Fremont Peak Park
4357 Palatine Ave N
Fremont Peak Park is a half-acre park on a bluff in the Fremont neighborhood just south of N. 45th Street at 4357 Palatine Ave. N. The neighborhoods street are quite narrow and the road up to the park is fairly steep. Park on the left side of the street and make sure your tires are set to the curp and your parking break works: )
The park opened to the public on November 10, 2007 and features native plants, artifacts, integrated art projects and short walking trails that showcase the how landscape and art can work together in a public space.

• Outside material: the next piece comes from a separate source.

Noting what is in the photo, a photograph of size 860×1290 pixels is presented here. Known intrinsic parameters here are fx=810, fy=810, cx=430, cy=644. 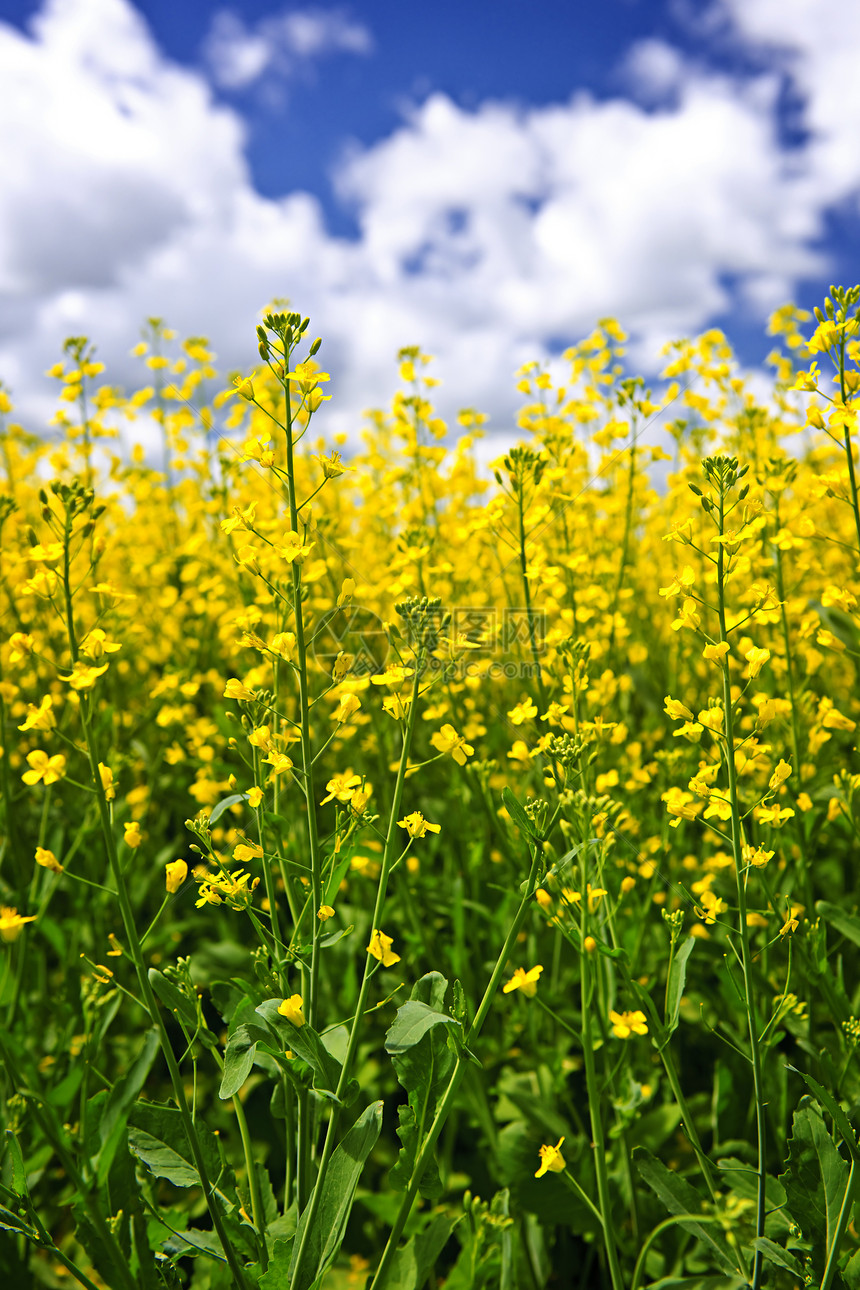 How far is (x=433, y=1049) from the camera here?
1493 millimetres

The park has two main design concepts: one mythological, the other cosmological. The mythological elements stem from the idea of mapping a ritualistic path out to view. It is based on the Greek myth in which Ariande gave Theseus the end of a spool of thread that he unwound as he made his way through the labyrinth to slay the Minotaur. In this park the labyrinth is represented by concrete walls. Ariadne’s silver thread begins as a spool at the entry, then moves into the sidewalk paving, picks up again along a path through the woods, and terminates in a Y embedded in the view terrace, with legs pointing to locations of the sunset at the winter and summer solstices.
The cosmological aspect of the park ties into the myth, and is also a link to Fremont’s self-proclaimed identity as the “Center of the Universe." The solstice lines at the view terrace and moon paving at the entrance reference solar and lunar cycles. There are two locations where pipes in the patterns of constellations are embedded in walls, and the seating boulders in the view terrace are in the pattern of the constellation Corona Borealis, or Ariadne’s crown.